Content starts

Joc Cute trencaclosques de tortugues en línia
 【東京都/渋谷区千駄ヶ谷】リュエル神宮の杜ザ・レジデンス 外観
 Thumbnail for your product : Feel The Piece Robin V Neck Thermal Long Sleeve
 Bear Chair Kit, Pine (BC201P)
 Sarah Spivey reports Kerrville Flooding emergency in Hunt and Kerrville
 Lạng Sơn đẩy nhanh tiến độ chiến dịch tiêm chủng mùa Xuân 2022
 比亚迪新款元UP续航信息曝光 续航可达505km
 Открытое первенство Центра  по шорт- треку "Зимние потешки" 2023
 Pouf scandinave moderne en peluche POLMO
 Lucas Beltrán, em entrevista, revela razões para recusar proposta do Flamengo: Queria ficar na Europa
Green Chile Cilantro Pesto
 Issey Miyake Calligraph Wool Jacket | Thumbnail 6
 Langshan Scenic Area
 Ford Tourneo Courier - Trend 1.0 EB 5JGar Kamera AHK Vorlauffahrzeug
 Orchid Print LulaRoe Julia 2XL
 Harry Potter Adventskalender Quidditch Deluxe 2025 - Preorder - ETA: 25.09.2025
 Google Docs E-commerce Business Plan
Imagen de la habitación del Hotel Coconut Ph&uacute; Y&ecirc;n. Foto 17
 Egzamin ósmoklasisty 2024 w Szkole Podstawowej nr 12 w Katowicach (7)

Content ends

The task requires that all the material be restated word for word.

SOLUTION:
Joc Cute trencaclosques de tortugues en línia
 【東京都/渋谷区千駄ヶ谷】リュエル神宮の杜ザ・レジデンス 外観
 Thumbnail for your product : Feel The Piece Robin V Neck Thermal Long Sleeve
 Bear Chair Kit, Pine (BC201P)
 Sarah Spivey reports Kerrville Flooding emergency in Hunt and Kerrville
 Lạng Sơn đẩy nhanh tiến độ chiến dịch tiêm chủng mùa Xuân 2022
 比亚迪新款元UP续航信息曝光 续航可达505km
 Открытое первенство Центра  по шорт- треку "Зимние потешки" 2023
 Pouf scandinave moderne en peluche POLMO
 Lucas Beltrán, em entrevista, revela razões para recusar proposta do Flamengo: Queria ficar na Europa
Green Chile Cilantro Pesto
 Issey Miyake Calligraph Wool Jacket | Thumbnail 6
 Langshan Scenic Area
 Ford Tourneo Courier - Trend 1.0 EB 5JGar Kamera AHK Vorlauffahrzeug
 Orchid Print LulaRoe Julia 2XL
 Harry Potter Adventskalender Quidditch Deluxe 2025 - Preorder - ETA: 25.09.2025
 Google Docs E-commerce Business Plan
Imagen de la habitación del Hotel Coconut Ph&uacute; Y&ecirc;n. Foto 17
 Egzamin ósmoklasisty 2024 w Szkole Podstawowej nr 12 w Katowicach (7)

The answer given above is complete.